TASK BRIEF:
Under this line sits a listing. Repeat exactly and only its lines from the one holding "ひろぴた's cooksnap of" through the one holding "Geliebte Mutter - Sweatshirt"; skip pictures.

***** RECORDS SUPPLIED *****

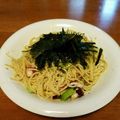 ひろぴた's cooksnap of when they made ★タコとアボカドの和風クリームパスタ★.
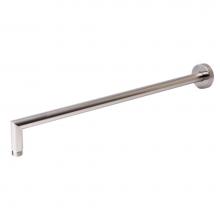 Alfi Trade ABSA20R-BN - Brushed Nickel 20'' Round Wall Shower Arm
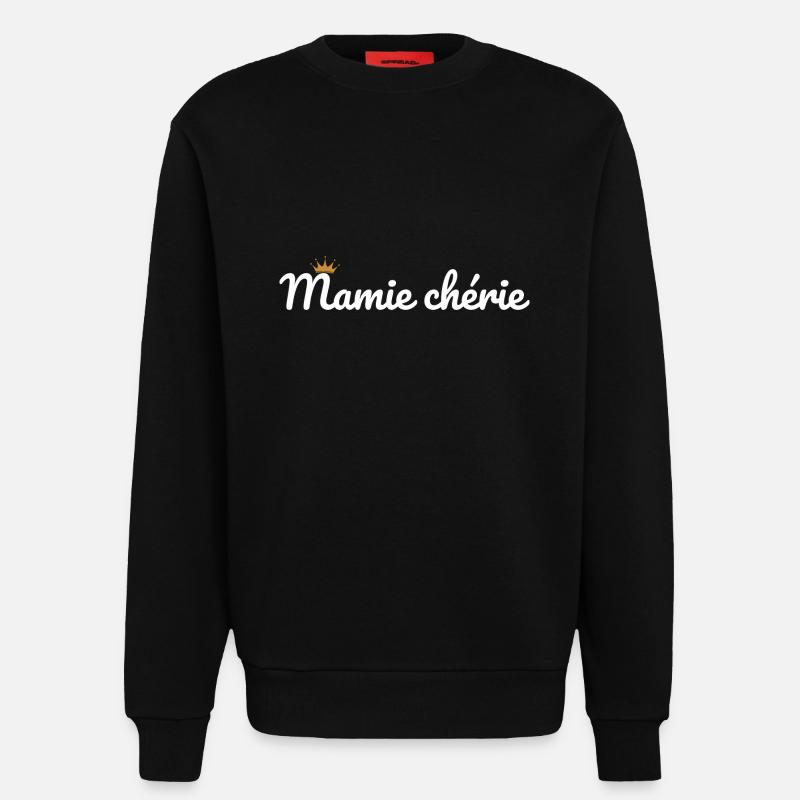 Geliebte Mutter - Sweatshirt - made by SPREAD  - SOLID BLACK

*****
***** RECORDS SUPPLIED *****

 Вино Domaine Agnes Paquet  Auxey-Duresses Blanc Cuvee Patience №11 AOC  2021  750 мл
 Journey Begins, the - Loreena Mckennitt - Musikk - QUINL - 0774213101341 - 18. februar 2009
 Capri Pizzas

*****
***** RECORDS SUPPLIED *****

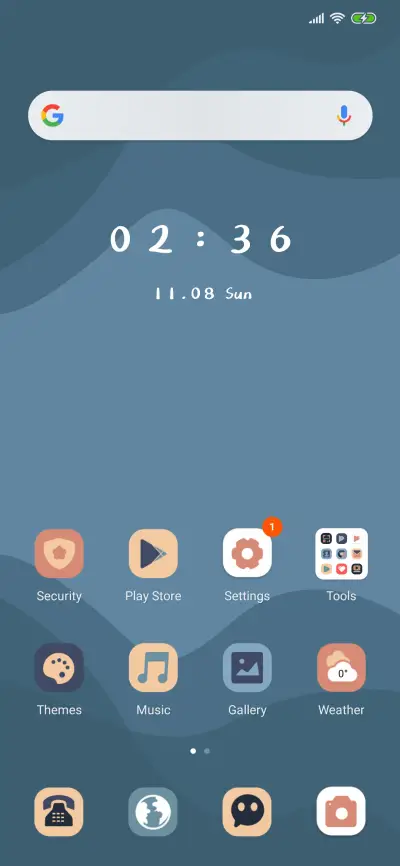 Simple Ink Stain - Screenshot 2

*****

OUTPUT BELOW:
 ひろぴた's cooksnap of when they made ★タコとアボカドの和風クリームパスタ★.
 Alfi Trade ABSA20R-BN - Brushed Nickel 20'' Round Wall Shower Arm
 Geliebte Mutter - Sweatshirt - made by SPREAD  - SOLID BLACK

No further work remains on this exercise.